* _Aim of the task_
Print out the full material below, exact in every line, with no images included.

* _Supplied data_
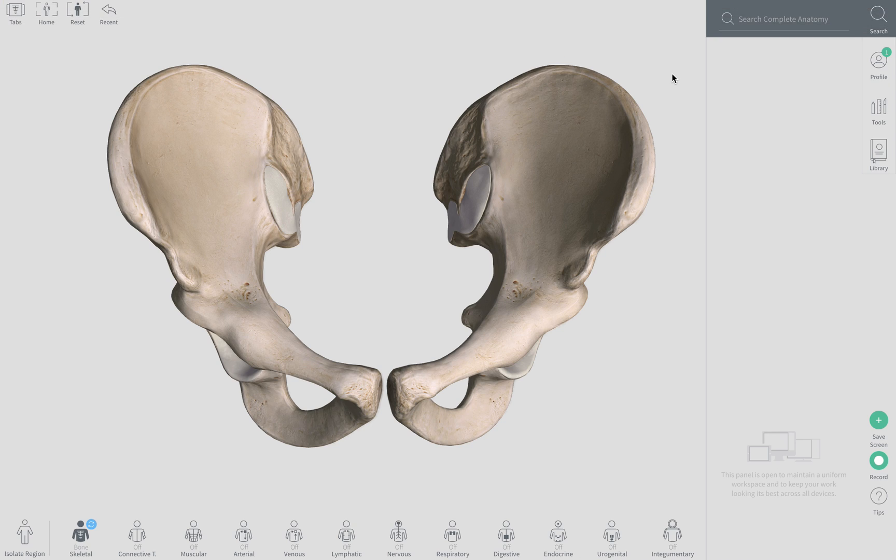Alright, another video from the coffee shop. Maybe you can hear this ridiculous music in the background. This video is going to cover the hip bone. Let's quickly identify the three main components of the hip bone.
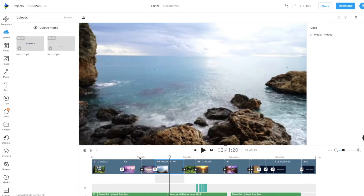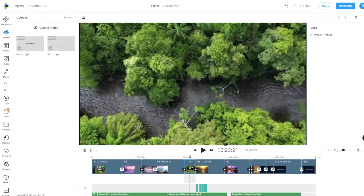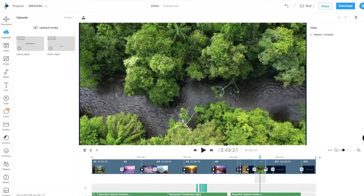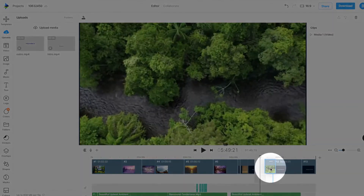Make sure you are on the scene's timeline. You can then select a scene and drag it to its new position. A blue highlight will indicate where the scene will be placed.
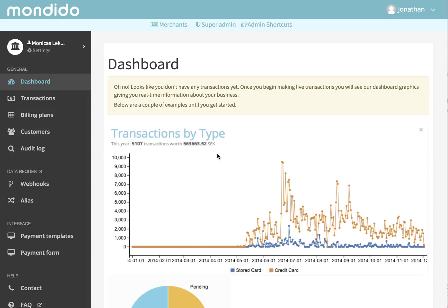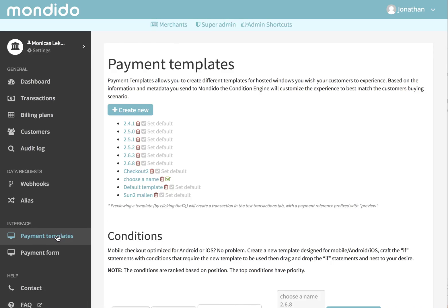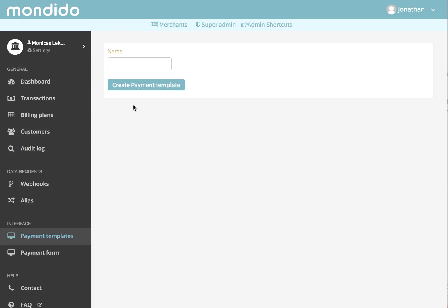First step after you've logged in to your merchant user is to click payment templates and then proceed to clicking create new. When you've done that, choose a name and click create payment templates.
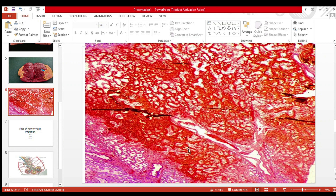This is a lung infarct — you can see it is totally hemorrhagic. An important point: hemorrhagic infarcts occur in organs with dual blood supply, such as the lungs or liver, or in organs with loose tissues such as the brain, testis, and ovaries. These tissues are prone to hemorrhagic infarcts. So lung is the right answer.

* _Exercise response_
Alright, another video from the coffee shop. Maybe you can hear this ridiculous music in the background. This video is going to cover the hip bone. Let's quickly identify the three main components of the hip bone.
Make sure you are on the scene's timeline. You can then select a scene and drag it to its new position. A blue highlight will indicate where the scene will be placed.
First step after you've logged in to your merchant user is to click payment templates and then proceed to clicking create new. When you've done that, choose a name and click create payment templates.
This is a lung infarct — you can see it is totally hemorrhagic. An important point: hemorrhagic infarcts occur in organs with dual blood supply, such as the lungs or liver, or in organs with loose tissues such as the brain, testis, and ovaries. These tissues are prone to hemorrhagic infarcts. So lung is the right answer.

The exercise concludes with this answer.